» **Requirement**: Transcribe the records that follow, keeping every word as it stands.
- - -
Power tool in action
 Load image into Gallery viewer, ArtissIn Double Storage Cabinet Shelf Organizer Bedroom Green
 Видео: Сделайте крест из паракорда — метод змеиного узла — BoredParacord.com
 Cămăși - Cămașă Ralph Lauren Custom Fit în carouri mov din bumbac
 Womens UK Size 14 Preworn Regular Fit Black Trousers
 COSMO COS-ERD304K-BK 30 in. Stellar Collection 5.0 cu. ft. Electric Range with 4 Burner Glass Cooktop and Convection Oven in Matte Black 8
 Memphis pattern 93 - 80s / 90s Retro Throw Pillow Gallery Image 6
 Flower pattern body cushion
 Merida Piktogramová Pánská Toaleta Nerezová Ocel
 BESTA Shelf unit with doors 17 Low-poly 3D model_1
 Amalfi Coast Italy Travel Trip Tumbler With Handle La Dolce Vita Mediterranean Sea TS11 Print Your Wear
- - -
» **Response to this task**:
Power tool in action
 Load image into Gallery viewer, ArtissIn Double Storage Cabinet Shelf Organizer Bedroom Green
 Видео: Сделайте крест из паракорда — метод змеиного узла — BoredParacord.com
 Cămăși - Cămașă Ralph Lauren Custom Fit în carouri mov din bumbac
 Womens UK Size 14 Preworn Regular Fit Black Trousers
 COSMO COS-ERD304K-BK 30 in. Stellar Collection 5.0 cu. ft. Electric Range with 4 Burner Glass Cooktop and Convection Oven in Matte Black 8
 Memphis pattern 93 - 80s / 90s Retro Throw Pillow Gallery Image 6
 Flower pattern body cushion
 Merida Piktogramová Pánská Toaleta Nerezová Ocel
 BESTA Shelf unit with doors 17 Low-poly 3D model_1
 Amalfi Coast Italy Travel Trip Tumbler With Handle La Dolce Vita Mediterranean Sea TS11 Print Your Wear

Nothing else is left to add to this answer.